- PROVIDED RECORDS:
################

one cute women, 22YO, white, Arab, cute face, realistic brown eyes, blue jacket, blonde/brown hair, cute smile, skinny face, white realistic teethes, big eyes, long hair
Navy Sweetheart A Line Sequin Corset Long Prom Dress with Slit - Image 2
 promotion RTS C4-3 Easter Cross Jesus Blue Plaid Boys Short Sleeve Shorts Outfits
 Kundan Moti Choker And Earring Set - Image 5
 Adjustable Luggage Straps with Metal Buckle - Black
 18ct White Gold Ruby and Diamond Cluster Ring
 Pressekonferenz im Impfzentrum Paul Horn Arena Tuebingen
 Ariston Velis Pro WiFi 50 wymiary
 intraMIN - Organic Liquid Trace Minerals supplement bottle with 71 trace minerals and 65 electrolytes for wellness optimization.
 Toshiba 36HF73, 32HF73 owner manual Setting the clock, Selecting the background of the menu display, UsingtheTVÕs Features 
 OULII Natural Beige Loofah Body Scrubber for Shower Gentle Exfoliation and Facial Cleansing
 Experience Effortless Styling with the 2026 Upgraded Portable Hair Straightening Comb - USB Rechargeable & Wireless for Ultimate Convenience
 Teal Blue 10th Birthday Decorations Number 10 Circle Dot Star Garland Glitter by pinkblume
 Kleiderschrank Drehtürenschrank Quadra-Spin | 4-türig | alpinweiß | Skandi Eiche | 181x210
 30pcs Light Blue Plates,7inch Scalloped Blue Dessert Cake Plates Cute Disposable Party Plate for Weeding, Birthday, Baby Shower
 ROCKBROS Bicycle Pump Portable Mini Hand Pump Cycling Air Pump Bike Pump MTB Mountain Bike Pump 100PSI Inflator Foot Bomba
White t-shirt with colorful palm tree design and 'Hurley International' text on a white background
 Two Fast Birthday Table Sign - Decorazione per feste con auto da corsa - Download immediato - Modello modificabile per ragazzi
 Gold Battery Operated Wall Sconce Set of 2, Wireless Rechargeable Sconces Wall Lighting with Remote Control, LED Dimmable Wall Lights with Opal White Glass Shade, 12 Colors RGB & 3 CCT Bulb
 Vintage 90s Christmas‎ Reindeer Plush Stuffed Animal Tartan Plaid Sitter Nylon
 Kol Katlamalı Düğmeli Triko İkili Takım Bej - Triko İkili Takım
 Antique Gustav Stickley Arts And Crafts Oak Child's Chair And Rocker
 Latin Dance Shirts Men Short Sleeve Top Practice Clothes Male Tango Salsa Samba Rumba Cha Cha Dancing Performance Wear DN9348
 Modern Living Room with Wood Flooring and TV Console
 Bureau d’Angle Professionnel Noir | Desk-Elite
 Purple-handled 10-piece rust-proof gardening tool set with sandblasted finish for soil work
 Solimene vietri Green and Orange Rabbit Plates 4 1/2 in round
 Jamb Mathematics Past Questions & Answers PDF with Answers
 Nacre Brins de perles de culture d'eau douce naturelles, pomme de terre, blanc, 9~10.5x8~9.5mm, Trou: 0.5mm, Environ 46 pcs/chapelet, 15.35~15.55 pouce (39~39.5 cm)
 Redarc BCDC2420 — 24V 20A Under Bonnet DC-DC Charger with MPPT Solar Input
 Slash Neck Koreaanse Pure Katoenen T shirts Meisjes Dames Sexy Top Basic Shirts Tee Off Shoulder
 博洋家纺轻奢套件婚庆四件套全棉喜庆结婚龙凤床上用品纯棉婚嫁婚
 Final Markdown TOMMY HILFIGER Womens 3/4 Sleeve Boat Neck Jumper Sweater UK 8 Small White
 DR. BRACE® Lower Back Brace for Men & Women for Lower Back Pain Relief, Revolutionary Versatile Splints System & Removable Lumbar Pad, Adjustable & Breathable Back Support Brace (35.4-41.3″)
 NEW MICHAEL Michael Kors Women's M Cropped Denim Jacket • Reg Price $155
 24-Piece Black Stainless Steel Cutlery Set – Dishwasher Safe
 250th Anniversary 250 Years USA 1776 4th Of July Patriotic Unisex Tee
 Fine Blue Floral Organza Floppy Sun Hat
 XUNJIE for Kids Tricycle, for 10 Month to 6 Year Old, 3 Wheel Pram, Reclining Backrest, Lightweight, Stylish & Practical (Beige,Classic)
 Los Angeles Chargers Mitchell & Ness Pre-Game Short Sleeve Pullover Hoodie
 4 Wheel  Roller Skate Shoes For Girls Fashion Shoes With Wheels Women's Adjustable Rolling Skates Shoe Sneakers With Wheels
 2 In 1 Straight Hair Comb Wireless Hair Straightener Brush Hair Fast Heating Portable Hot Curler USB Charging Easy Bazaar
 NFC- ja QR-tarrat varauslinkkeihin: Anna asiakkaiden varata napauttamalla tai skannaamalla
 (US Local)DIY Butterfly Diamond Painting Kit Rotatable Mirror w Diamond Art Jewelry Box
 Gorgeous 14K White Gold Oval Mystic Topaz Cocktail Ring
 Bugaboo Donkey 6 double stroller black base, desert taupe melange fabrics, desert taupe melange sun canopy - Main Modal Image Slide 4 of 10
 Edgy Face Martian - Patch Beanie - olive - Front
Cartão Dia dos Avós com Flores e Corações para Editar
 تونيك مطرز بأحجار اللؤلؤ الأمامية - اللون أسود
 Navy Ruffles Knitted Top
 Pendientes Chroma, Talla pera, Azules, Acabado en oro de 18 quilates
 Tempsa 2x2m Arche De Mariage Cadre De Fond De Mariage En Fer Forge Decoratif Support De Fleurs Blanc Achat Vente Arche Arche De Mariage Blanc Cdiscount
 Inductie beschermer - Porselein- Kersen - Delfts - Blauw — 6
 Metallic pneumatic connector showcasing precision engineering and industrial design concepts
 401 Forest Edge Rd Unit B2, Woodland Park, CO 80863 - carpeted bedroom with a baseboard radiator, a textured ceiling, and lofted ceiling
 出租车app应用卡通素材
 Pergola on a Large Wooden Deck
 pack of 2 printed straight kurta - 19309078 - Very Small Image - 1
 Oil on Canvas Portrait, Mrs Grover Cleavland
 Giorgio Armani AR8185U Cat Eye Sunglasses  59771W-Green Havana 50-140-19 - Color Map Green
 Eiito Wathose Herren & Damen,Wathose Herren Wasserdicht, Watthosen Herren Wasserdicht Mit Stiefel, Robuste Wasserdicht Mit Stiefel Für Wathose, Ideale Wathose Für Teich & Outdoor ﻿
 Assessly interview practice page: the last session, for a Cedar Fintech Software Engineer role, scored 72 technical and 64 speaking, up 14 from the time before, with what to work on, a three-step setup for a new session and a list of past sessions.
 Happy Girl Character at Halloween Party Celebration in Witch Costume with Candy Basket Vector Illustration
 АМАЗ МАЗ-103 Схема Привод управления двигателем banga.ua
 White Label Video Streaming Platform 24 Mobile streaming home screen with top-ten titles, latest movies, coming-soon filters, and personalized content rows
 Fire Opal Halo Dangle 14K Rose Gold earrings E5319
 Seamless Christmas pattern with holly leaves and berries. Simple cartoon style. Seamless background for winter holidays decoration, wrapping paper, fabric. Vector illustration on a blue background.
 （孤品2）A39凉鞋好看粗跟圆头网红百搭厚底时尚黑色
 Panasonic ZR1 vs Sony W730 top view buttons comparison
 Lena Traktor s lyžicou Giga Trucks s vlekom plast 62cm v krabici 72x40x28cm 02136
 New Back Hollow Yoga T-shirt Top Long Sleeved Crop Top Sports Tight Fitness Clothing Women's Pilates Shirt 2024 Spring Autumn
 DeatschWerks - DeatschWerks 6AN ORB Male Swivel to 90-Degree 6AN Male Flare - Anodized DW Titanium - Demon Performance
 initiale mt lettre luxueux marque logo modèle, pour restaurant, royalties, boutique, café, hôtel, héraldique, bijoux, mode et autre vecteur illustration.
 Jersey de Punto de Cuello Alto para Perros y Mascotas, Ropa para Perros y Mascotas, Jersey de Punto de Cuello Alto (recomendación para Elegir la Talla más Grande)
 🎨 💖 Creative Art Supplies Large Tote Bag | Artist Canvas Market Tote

################

- PROBLEM: Take exactly the lines from the one containing "Modern Living Room" through the one containing "2 In 1 Straight" in the data above, and output them with nothing added.

- REPLY:
 Modern Living Room with Wood Flooring and TV Console
 Bureau d’Angle Professionnel Noir | Desk-Elite
 Purple-handled 10-piece rust-proof gardening tool set with sandblasted finish for soil work
 Solimene vietri Green and Orange Rabbit Plates 4 1/2 in round
 Jamb Mathematics Past Questions & Answers PDF with Answers
 Nacre Brins de perles de culture d'eau douce naturelles, pomme de terre, blanc, 9~10.5x8~9.5mm, Trou: 0.5mm, Environ 46 pcs/chapelet, 15.35~15.55 pouce (39~39.5 cm)
 Redarc BCDC2420 — 24V 20A Under Bonnet DC-DC Charger with MPPT Solar Input
 Slash Neck Koreaanse Pure Katoenen T shirts Meisjes Dames Sexy Top Basic Shirts Tee Off Shoulder
 博洋家纺轻奢套件婚庆四件套全棉喜庆结婚龙凤床上用品纯棉婚嫁婚
 Final Markdown TOMMY HILFIGER Womens 3/4 Sleeve Boat Neck Jumper Sweater UK 8 Small White
 DR. BRACE® Lower Back Brace for Men & Women for Lower Back Pain Relief, Revolutionary Versatile Splints System & Removable Lumbar Pad, Adjustable & Breathable Back Support Brace (35.4-41.3″)
 NEW MICHAEL Michael Kors Women's M Cropped Denim Jacket • Reg Price $155
 24-Piece Black Stainless Steel Cutlery Set – Dishwasher Safe
 250th Anniversary 250 Years USA 1776 4th Of July Patriotic Unisex Tee
 Fine Blue Floral Organza Floppy Sun Hat
 XUNJIE for Kids Tricycle, for 10 Month to 6 Year Old, 3 Wheel Pram, Reclining Backrest, Lightweight, Stylish & Practical (Beige,Classic)
 Los Angeles Chargers Mitchell & Ness Pre-Game Short Sleeve Pullover Hoodie
 4 Wheel  Roller Skate Shoes For Girls Fashion Shoes With Wheels Women's Adjustable Rolling Skates Shoe Sneakers With Wheels
 2 In 1 Straight Hair Comb Wireless Hair Straightener Brush Hair Fast Heating Portable Hot Curler USB Charging Easy Bazaar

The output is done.